# Sunday 03-21-2010 Ride @ Bigwoods ATV Park



## Muddy Brute Force (Dec 17, 2008)

Here is some pics of last Sunday's ride with me and a few friends @ Bigwoods ATV Park in Longs N.C. Hope everyone enjoy's.

BTW, this was the first real test of the 28" Zilla's. I had no problems and went just about anywhere I wanted to go.:rockn:


MIMB Member: Muddmonkey


Joe on his 660 Grizzly


Ting Ting on his Honda Forman


Me on my Brute 650


Me again


and again


and again


Me again, that was a nice little hole


Joe on his Grizzly again


Poor Ting Ting and his Honda...lol


Joe playing in the Mud Pit





Me playing in the Mud Pit





Round 2 in the Mud Pit


----------



## 05bforce750 (Jan 7, 2010)

nice pics and vids from a fellow NCer, What part of NC is that park located?


----------



## Muddy Brute Force (Dec 17, 2008)

It is in Longs NC, close to Shallotte, off of NC Hwy 904.


----------



## Polaris425 (Dec 16, 2004)

awesome :rockn: rockin the skynyrd!!! That first pic of you had me worried for just a second...


----------



## GWNBrute (Mar 4, 2009)

Nice pic's and vid's looks like alot of fun!!


----------



## 650Brute (Dec 18, 2008)

Nice......:rockn:


----------



## Eight (Mar 24, 2010)

Nice, looks like yall had a great time. Liken the blue brute.


----------



## Big D (Jun 23, 2009)

Sweet :rockn:


----------



## rhelms (Sep 18, 2009)

Nice pics. That second to last pic looks like the top lake, that pond sneaks up on ya huh. Ive been meaning to get down there, everyone I talk to says it is wetter thatn normal and thats hard to believe. Looks like yall had a good time.


----------



## Muddy Brute Force (Dec 17, 2008)

rhelms said:


> Nice pics. That second to last pic looks like the top lake, that pond sneaks up on ya huh. Ive been meaning to get down there, everyone I talk to says it is wetter thatn normal and thats hard to believe. Looks like yall had a good time.


Yup, it is Top lake...and yes that part of the lake will sneak up on you as you see it did on Ting Ting...lol. I will admit, it was rather wet, but we still had a good time untill it statred raining hard.


----------



## snipe523 (Mar 19, 2009)

Looks like fun. How did your audio tube hold up after having one of the speakers under water?


----------



## Muddy Brute Force (Dec 17, 2008)

snipe523 said:


> Looks like fun.
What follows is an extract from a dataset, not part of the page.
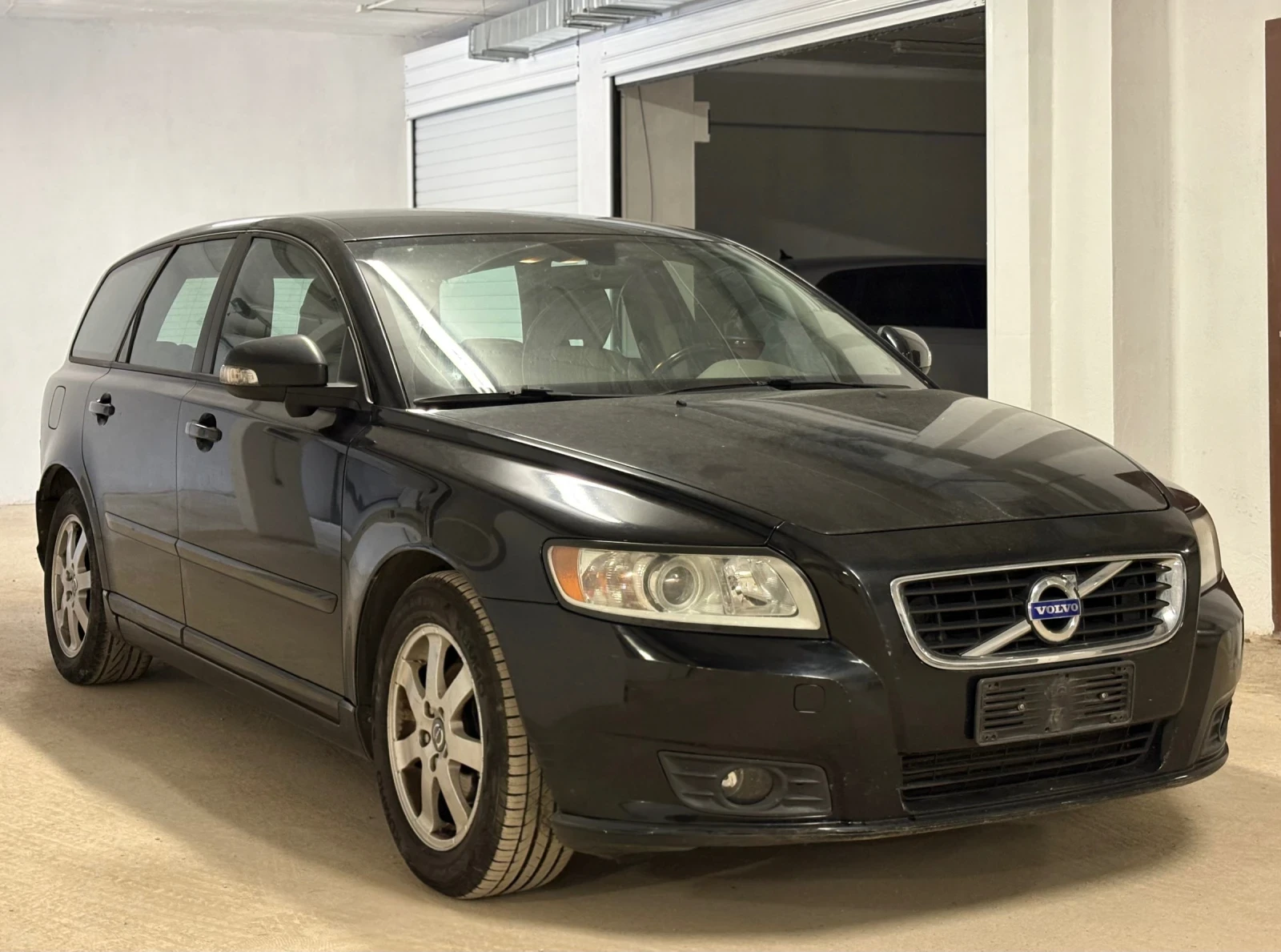 Volvo V50 * D2 * 115к.с * СЕРВИЗНА ИСТОРИЯ * МЪРТВА ТОЧКА * , снимка 3 - Автомобили и джипове - 55239562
How did your audio tube hold up after having one of the speakers under water?


Not a problem. The speakers are Boss Marine speakers. Everything is sealed on the Audio Tube.


----------



## derk (Nov 24, 2009)

Nice, i'd like to make my way out there sometime to Bigwoods


----------



## rhelms (Sep 18, 2009)

Yeah it's usually a good time as long as you don't mind ALOT of water on the trails. I've heard as many good things about the place as bad things, just depends on who you ask. I usually have a good time unless I go with people who don't like water and then they B***H the whole time and you just can't have a good time then.


----------



## muddmonkey (Mar 19, 2009)

nice pix deenie man we had a great time at busco you need to post those vids and all from there get on it son and thats some good pics from the ride at bigwoods


----------



## muddmonkey (Mar 19, 2009)

rhelms you need to get up with us and ride to bigwoods we go down there alot i live only ab 5 miles from it i live in nakina actually now lol


----------